Digital technologies for managing anthropogenic risks in electric power industry

Author:

Akulichev V. O.1,Grabchak E. P.2,Mishcheryakov S. V.2,Talalaev A. A.3

Affiliation:

1. JIDGC of Center and Volga Region, PJSC

2. Ministry of Energy of the Russian Federation

3. Corporate Energy University

Abstract

The article examines the information and analytical technology implemented during the operation of electrical networks, based on the capabilities of multi-agent monitoring of the somatic and mental condition of the staff of power grid companies and predictive analysis of anthropogenic risks of energy production within the framework of a risk-based approach to human resource management. The analysis includes instrumental monitoring, assessment of indicators (using objective data) characterizing the condition of operational managers, operational and maintenance staff involved in real technological and business processes for servicing equipment of network companies using optimization theory methods, fuzzy sets, index analysis, provision of integral information to operational managers and management of energy companies, the formation of proposals on the areas of investment in the development of their human resources based on solving the optimization problem of minimizing damage due to wrong actions, inaction and violation of safety requirements for energy production.

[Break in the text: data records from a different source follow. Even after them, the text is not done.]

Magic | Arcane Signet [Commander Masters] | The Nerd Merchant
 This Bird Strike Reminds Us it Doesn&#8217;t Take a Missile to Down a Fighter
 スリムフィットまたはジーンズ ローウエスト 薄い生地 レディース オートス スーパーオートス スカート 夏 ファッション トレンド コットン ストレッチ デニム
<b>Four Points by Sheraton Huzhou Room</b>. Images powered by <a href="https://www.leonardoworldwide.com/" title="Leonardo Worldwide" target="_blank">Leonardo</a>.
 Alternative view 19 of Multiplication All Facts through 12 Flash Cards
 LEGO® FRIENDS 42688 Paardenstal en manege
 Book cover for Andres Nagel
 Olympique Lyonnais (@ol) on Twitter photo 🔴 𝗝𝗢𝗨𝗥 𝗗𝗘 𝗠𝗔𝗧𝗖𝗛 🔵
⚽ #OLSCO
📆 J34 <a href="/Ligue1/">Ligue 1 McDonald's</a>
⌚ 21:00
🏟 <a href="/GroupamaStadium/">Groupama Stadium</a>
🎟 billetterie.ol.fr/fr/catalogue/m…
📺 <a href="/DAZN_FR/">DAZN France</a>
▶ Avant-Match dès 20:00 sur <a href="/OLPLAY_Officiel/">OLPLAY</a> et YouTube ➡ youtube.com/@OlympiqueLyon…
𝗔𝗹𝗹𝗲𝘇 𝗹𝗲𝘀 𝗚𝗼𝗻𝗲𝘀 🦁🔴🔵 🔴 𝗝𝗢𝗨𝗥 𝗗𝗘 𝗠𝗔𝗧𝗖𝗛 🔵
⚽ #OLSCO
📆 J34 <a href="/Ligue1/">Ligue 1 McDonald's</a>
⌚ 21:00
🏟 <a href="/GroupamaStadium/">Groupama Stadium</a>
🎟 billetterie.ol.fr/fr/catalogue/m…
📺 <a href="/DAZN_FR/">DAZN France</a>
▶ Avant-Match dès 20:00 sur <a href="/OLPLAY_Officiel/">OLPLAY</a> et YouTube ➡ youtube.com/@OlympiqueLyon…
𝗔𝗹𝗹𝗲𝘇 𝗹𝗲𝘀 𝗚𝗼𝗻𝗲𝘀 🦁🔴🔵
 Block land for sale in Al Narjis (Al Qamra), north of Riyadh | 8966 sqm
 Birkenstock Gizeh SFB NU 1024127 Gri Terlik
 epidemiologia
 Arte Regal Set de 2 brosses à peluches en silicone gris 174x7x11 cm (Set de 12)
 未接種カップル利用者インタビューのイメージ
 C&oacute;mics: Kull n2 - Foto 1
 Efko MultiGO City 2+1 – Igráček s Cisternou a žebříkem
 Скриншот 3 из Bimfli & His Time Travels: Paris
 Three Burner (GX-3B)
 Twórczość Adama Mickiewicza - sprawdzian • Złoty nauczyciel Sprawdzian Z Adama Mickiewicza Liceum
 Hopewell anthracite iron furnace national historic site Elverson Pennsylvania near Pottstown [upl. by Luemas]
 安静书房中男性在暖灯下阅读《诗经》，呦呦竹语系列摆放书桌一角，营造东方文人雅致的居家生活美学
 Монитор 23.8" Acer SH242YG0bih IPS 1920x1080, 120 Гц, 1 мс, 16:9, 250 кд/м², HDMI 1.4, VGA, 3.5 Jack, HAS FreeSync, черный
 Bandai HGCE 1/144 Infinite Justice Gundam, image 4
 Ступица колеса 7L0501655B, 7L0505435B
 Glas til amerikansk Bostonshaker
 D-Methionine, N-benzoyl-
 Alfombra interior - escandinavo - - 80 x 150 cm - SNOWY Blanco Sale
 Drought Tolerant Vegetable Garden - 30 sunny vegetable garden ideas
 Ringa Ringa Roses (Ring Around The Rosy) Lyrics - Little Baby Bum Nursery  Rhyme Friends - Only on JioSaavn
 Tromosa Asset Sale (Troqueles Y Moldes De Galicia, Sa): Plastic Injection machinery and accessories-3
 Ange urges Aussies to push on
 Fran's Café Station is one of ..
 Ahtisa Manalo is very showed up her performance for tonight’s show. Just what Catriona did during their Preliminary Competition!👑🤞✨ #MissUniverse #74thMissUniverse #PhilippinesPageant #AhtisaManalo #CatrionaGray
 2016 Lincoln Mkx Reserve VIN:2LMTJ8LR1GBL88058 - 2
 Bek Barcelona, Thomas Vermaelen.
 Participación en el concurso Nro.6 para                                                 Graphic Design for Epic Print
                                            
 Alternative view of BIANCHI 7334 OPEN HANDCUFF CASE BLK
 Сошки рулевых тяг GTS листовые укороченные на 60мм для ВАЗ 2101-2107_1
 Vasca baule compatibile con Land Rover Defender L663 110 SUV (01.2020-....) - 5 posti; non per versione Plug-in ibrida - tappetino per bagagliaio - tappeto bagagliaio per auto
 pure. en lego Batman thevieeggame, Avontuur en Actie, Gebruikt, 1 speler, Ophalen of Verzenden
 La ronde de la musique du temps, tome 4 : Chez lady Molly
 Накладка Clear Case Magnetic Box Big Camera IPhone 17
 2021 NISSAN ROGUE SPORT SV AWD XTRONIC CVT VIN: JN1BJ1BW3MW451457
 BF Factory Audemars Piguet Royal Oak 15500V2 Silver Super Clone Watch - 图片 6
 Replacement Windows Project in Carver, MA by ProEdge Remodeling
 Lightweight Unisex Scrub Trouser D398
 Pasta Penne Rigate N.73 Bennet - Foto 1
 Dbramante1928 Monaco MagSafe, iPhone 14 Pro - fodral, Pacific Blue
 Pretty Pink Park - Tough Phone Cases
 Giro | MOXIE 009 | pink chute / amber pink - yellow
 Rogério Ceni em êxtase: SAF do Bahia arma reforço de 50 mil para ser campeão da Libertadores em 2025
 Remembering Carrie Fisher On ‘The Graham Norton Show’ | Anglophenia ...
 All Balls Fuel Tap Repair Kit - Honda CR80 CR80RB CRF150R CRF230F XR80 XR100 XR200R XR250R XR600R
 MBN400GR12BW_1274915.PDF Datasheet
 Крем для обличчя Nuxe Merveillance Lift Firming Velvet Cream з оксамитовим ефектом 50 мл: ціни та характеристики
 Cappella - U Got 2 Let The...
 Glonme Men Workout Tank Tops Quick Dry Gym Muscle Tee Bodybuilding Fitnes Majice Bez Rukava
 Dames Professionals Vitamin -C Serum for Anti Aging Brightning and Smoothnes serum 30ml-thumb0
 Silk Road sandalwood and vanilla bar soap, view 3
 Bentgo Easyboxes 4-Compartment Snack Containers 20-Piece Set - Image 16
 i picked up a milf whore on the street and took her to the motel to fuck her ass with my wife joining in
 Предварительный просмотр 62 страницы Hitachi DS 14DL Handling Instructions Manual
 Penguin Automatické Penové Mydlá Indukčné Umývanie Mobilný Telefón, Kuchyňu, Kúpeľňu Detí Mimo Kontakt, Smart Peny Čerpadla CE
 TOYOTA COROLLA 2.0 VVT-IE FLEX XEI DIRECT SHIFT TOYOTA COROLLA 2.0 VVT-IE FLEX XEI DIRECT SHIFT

It is proposed to use a system of dimensionless index indicators for assessing the condition of staff, predictive analysis of the success of their professional activities and the formation of its ontological model in order to manage anthropogenic risks to ensure reliable and safe functioning of energy production with the possibility of developing measures and scenarios of impacts on staff within the production process. The article presents approaches to the formation of monitoring technology, which ensures the construction of unified systems for recording the condition of staff operating electric power facilities, statistics of failures due to staff's fault to determine the optimal type, composition and cost of impact on staff, improving their health based on multi-agent analysis of monitoring data, allowing to direct the flow of events in accordance with the conditions set by the availability of funds for these purposes. The authors have developed a mathematical apparatus, proposed devices and software, with the help of which an automated analysis of the indices of the condition of staff of each category, servicing equipment units (assemblies) and the formation of scenarios of impacts on it (agent-based modeling of condition-controlled behavior) has been carried out.

Publisher

NPO Energobezopasnost

Reference10 articles.

1. Decree of the President of the Russian Federation of May 9, 2017 No. 203 "Strategy for the development of the information society in the Russian Federation for 2017–2030". Official website of the President of the Russian Federation: www.kremlin.ru/acts

2. Order of the Government of the Russian Federation dated July 28, 2017 No. 1632-r "Digital economy of the Russian Federation". Official website of the Russian Government: http://government.ru/docs/

3. Grabchak E. P. Conceptual approach to the implementation in the industry of a risk-oriented system for monitoring and assessing the readiness of subjects of the electric power industry to work in the heating season // Electricity. Transmission and distribution 2018; 3 (48): 4–10.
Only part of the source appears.